Walk around Central Square on any clear night and you can see the change. It's palpable. Just look at the cars. Cars say a lot about a neighborhood. We have everything from Hummer H2s to Corollas. Now a street savvy person would say this just means we're in a dealers den. I counter this by pointing out we have a high number of Mini Coopers, S version and standard, as well as a high number of Elements, New Beetles in vapor blue, one very stylish Audi TT coupe with the original German suspension in place, and an alarming high number of Saabs. No self-respecting gangsta would call this block his crib. All the cameras, the police HQ down the block, and high dog population help keep any nefarious persons in check, too.

Speaking of dogs, have you met Cloe (sp?) the great dane in the Keith Building? She is enormous, and beautiful. Such a sweet disposition too. The best resident in the building by any measure. I think she's also the most popular resident downtown. Everybody knows her and says hello, but can't seem to remember her human cohabitant's names. Really funny. Such a sweetie.

Speaking of dogs, nighttime, around 7ish, is a great time to meet dog owning neighbors. Everybody's out walking the family furball. Such a grand procession too. All sizes, all disposition, tailed, tailless, grandiose, and goof balls. Shanna's Chinese pug puppy is the cutest! Hyper, lots of energy, so much that she tires out even little Fenway Jack; until recently the energizer bunny of pups. Scary.

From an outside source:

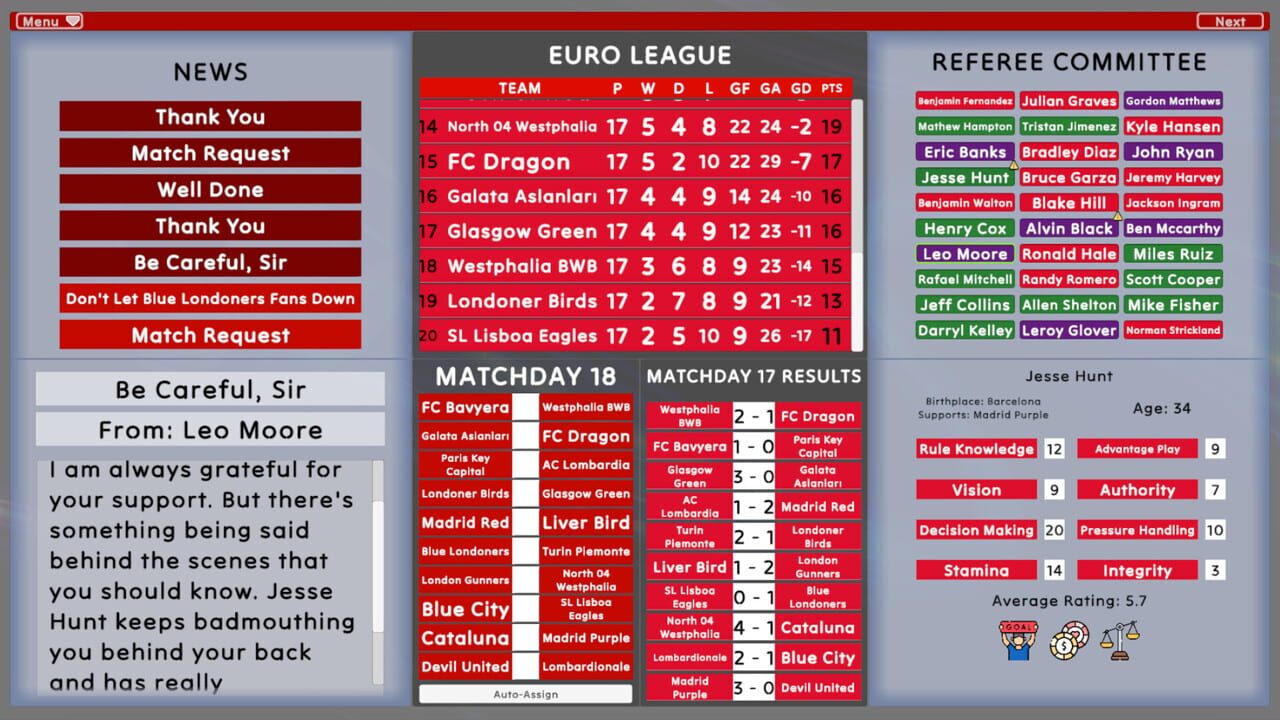 The Referee Committee screenshot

Doughnuuuuuuuts! We have a new Dunkin Doughnuts setting up shop at the corner of Union and the square. Now that's a sure sign of progress! There's also a rumor of a nice Italian restaurant going in somewhere close on Union St. If we could get a little movie rental place on the square, now that would be terrific. Someplace like Mike's Video in South End. A wine shop would be terrific too! I wonder if Deluca's Market would be interested in setting up shop here. Hmmmmmm. We'll see.

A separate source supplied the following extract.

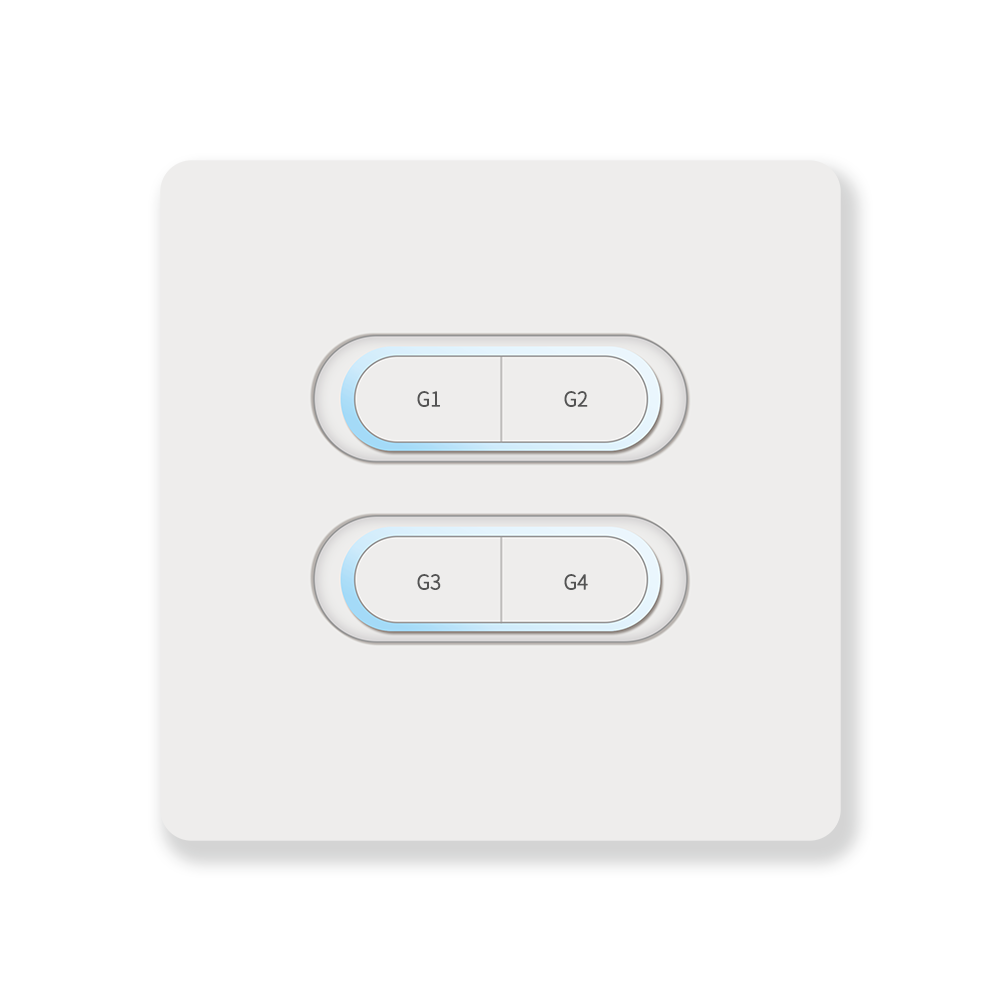 DALI-2 Control Panel with 4 Buttons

I hear Ikea may be coming to town. Email Jamie Marsh, Mayor's chief of staff for more info.


sculpin said...

frankly I don't see it. Don't get me wrong, Lynn has a lot going for it; an active arts community, lots of good ethnic restaurants, some interesting architecture. But it's primary draw I think, with the recent condo developments, is that it offers relatively inexpensive housing close to Boston, although high $200k - low $300k does not seem affordable to me. I think the acid test would be this: if you work in Boston or Cambridge, are you excited about heading home so you can experience the night life of Lynn, or do you want to stay in town as long as you can? I am not saying that it's not a pleasant place, but I think you may have slightly rose colored glasses on. I have worked in Lynn for the past 6 years, and lived in Swampscottfor the past 8 years. I don't find Lynn particularly dangerous, although I know where the dangerous parts are (not downtown). I don't find downtown Lynn particularly interesting either. I do like the 2 big cambodian markets that I mentioned earlier, Tacos Lupita is wonderful, the upholsterer on Oxford streeet does a nice job, there are quite a few good Hispanic markets, Zimmans is a great fabric store in an interesting building, but I do not see Ikea coming to Lynn, and I do not see it becoming like the South End. For one thing you are seeing it in the best of times, so things ought to be really hopping, lots of restaurants and funky stores opening up, etc. What happens in the next downturn? I lived in Lowell, in a beautiful condo for 6 years. I liked that city too, and I believe in its future, but cities like Lynn and Lowell are buried under the weight of poverty. Look around you. Most of the people around are desperately poor. Take a ride up Essex street, or down Washington Street, and you will see the real Lynn. Which is not to say particularly unpleasant, or particularly unhappy, just poor. You are asking the city to shrug off decades of neglect for a few score of "blow ins", as they called people like me who moved to Lowell to find affordable, interesting housing. You might be right and I may be wrong, but I think it will take Lynn 20 or 30 years to prove it.

Marcus said...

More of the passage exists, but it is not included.